NYGenerations

Saturday, November 23, 2013

A City That Never Sleeps...And Spirits That Never Quit


It is said that New York City never sleeps.  However, just over a year ago, on October 29th, 2012 the city withstood one of it's toughest natural disasters on record...Hurricane Sandy.  There was additional damages in the surrounding areas of New Jersey, Connecticut and Long Island.  Hurricane Irene had hit the same tri-state area just 14 months earlier.  Most New York City dwellers thought that they would avoid the brunt of damage from Sandy, just as they had did for Irene and a handful of other big hurricanes over the past 30 years.  However, that would not be the case this time.
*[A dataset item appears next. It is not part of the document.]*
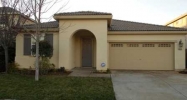 4054 Coratina Way Rancho Cordova, CA 95742 - Image 2811618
This generation of New Yorker City residents will long remember watching both the East River and the Hudson River breaching Manhattan on it's west, south and eastern shorelines.  They will never forget seeing video footage of subway tunnels, as well as the Mid-town and Brooklyn Battery tunnels also under water.  Lastly, who can forget the horrific flood and fires in Breezy Point, Queens?  There's plenty more to point out and many stories to remember from a year ago.  By the time Thanksgiving had come last year, most of us were simply thankful for food, and for being spared from any greater loss of life or property.

I remember visiting my mother last Thanksgiving.  She still resides in Lower Manhattan.  Yes, by Thanksgiving of 2012, the East River waters had long since receded, however, when you walked around downtown and could still see the waterline on the buildings - it brought it all into prospective.  Seeing the FEMA (Federal Emergency Management Agency) generators parked on 34th street, three weeks after Sandy and lines of crookedly parked cars, with condensation filled windows, stretching six or seven blocks - all having signs on them indicating that they were damaged by Sandy and could not be moved - really brought things into perspective that Thanksgiving day.


In spite of it all, New York City is back.    



Just a couple of weeks ago, this past November 8, the Philippines was struck by a typhoon, which packed winds up to 200 miles per hour.  I've known, grown up and even work with friends of Philippian heritage.  On behalf of all New Yorkers and Americans everywhere...I extend condolences and prayers to the survivors and relatives of this disaster.